For seriously cute, hand-embroidered T-shirts featuring elephant trunks and bottoms, drop by the Healing Family Foundation (2 Nawatgate Rd.; 66-53/ 244-393; hffcm.org), a workshop for disabled craftspeople. Across the street at number 7 is Fai Sor Kam Gallery (66-8/3319-7321), where Thammasat University textile professor Thitichai Arkaraoilapin selects his students’ best pieces to display alongside his own naturally dyed scarves, slouchy cotton carrier bags, and raw-silk hats.

Architect-designer Rattanaphol Taja turns out striking ikat-printed pottery and Thai paper lanterns at Kome Tong (64 Charoenrat Rd.; 66-53/302-401; kometong.wordpress.com), while at Nussara (66 Charoenrat Rd.; 66-53/ 302-072), mossy stepping stones lead across a pond to an atelier piled high with kaleido-scopic, Missoni-inspired cotton scarves, indigo fisherman pants, and bright wool versions of the traditional shoulder bags carried by Buddhist monks.

More color bursts forth from the hand-painted fiberglass elephants at Colour Factory (154 Charoenrat Rd.; 66-53/246-448; colourfac.com), a portion of whose sales go to supporting the Asian Elephant Foundation.
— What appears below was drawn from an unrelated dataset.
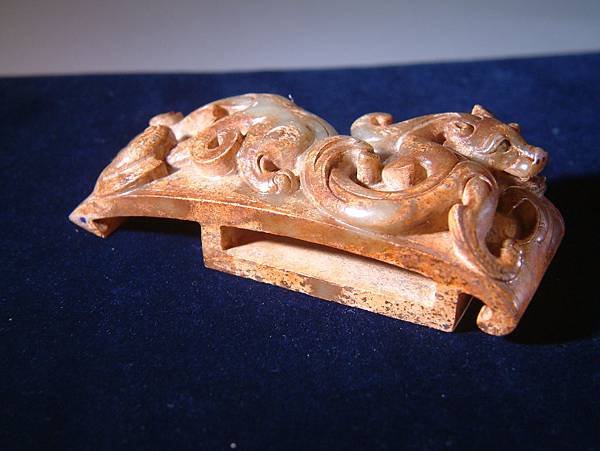 西漢青玉褐沁龍紋劍衛 (8).JPG 西漢青玉褐沁龍紋劍衛 (8).JPG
Continue up the road to peruse paintings and photographs by artist Ruchipat “Pop” Suvansai and his friends at Lan La Moon (160 Charoenrat Rd.; 66-53/266-263); next door at Mou Moon, Pop’s wife purveys her hand-tooled,  delicately chic leather goods.

Trip Tip: For a quirky brush with Chiang Mai’s past, drop by Wat Gatekaram Museum (96 Chareonrat Rd.; 66-53/262-605), adjacent to the temple of the same name. Among the eclectic artifacts on display are an old Siamese flag, antique farm tools and pottery, royal costumes from the Lanna period, and vintage photos dating back to the British teak-trading days.